I-todays.com – Mahkamah Konstitusi (MK) kembali menegaskan posisinya sebagai penjaga konstitusi dan pelindung hak asasi warga negara. Dalam putusan terbarunya, MK menyampaikan pesan tegas dan jelas: “Kritik terhadap badan publik, termasuk lembaga negara, bukanlah suatu tindak pidana dan tidak boleh dikriminalisasi.” Pernyataan itu tertuang dalam Putusan MK Nomor 115/PUU-XXII/2024, yang menjadi tonggak penting dalam sejarah perlindungan kebebasan berekspresi di Indonesia.
Putusan ini tentu saja disambut positif oleh banyak kalangan, mulai dari pegiat HAM, jurnalis, akademisi, hingga masyarakat umum. Sebab selama ini, tak sedikit warga yang merasa takut untuk menyampaikan kritik terhadap lembaga negara karena khawatir dilaporkan atau bahkan dipidana. Kini, dengan adanya kepastian hukum dari MK, ruang publik kembali mendapatkan napas segar untuk diskusi, evaluasi, dan penyampaian aspirasi yang konstruktif.
Semangat Putusan MK Harus Tercermin dalam Praktik Hukum
Namun, euforia ini tidak boleh membuat kita lengah. Tantangan sesungguhnya justru dimulai setelah putusan ini keluar. Yaitu memastikan agar semangat kebebasan berpendapat benar-benar diterapkan dalam praktik hukum dan kehidupan demokrasi sehari-hari.
Aparat penegak hukum, khususnya kepolisian dan kejaksaan, harus memahami betul batasan antara kritik yang sah dan penghinaan yang bisa masuk ranah pidana. Demikian pula para pejabat publik dan lembaga negara, mereka perlu semakin terbuka terhadap kritik dan tidak buru-buru mengambil jalur hukum hanya karena merasa tersinggung.
Kritik Itu Perlu, Tapi Sampaikan dengan Bijak
Di sisi lain, masyarakat sebagai pemilik hak kebebasan berekspresi juga harus bertanggung jawab dalam menyampaikan pendapat. Kritik dan hinaan adalah dua hal yang sangat berbeda. Kritik bertujuan membangun, memberikan masukan, atau menunjukkan kesalahan dengan niat memperbaiki.

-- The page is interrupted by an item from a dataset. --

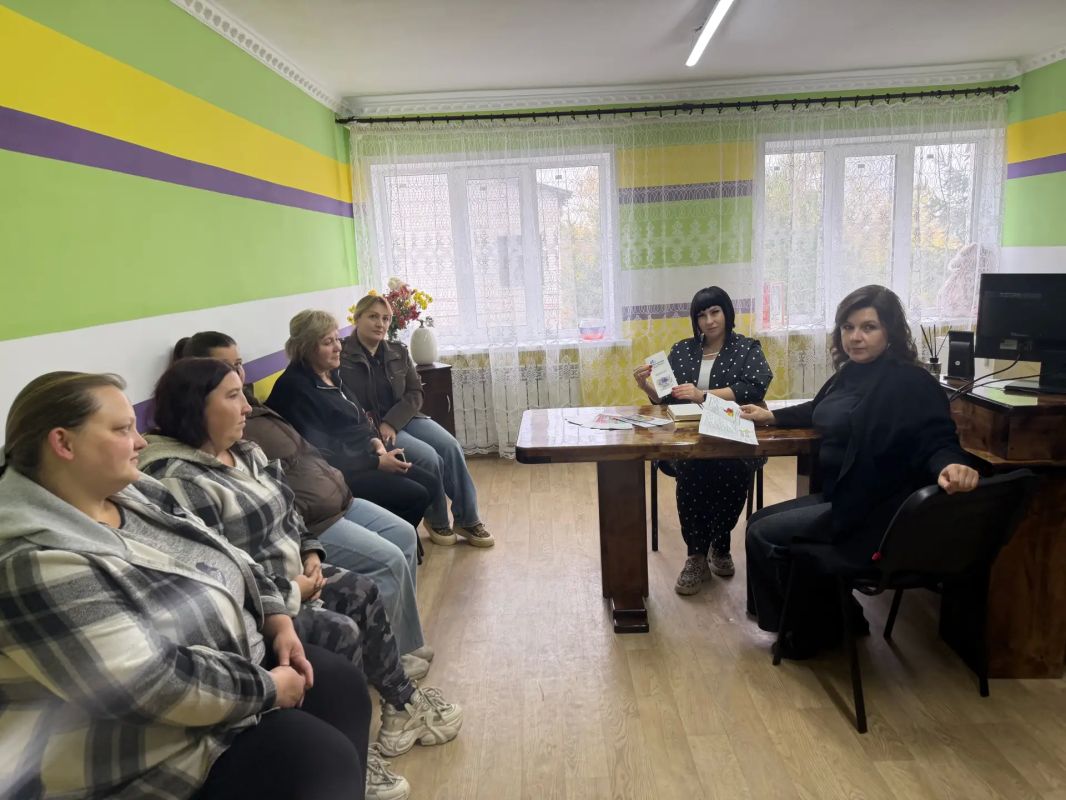 В отделе по ОЖД пгт Центральным с жителями обсудили особенности заключения социального контракта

Sedangkan hinaan cenderung menyerang pribadi, menggunakan kata-kata kasar, bahkan bisa menyulut kebencian.
Jadi, meskipun sekarang kita memiliki perlindungan hukum yang lebih kuat untuk mengkritik, bukan berarti semua ucapan bebas dari konsekuensi. Kebebasan berpendapat bukan kebebasan tanpa batas. Ia tetap harus dijalankan dengan etika, tanggung jawab, dan penghormatan terhadap sesama warga negara.
Demokrasi Sehat Butuh Warga yang Kritis dan Cerdas
Demokrasi yang sehat hanya bisa tumbuh jika warga negaranya aktif, kritis, dan berani menyuarakan pendapat. Tapi demokrasi juga butuh kedewasaan, empati, dan penghargaan terhadap perbedaan. MK sudah memberi payung hukum untuk melindungi kebebasan kita. Sekarang giliran kita untuk menggunakannya secara bijak.
Mari jadikan kritik sebagai alat untuk membangun, bukan melukai. Sampaikan dengan sopan, berdasar data, dan dengan niat memperbaiki. Karena hanya dengan begitu, kita bisa menjadi bagian dari masyarakat yang sehat secara demokratis — dan tetap manusiawi dalam bermasyarakat.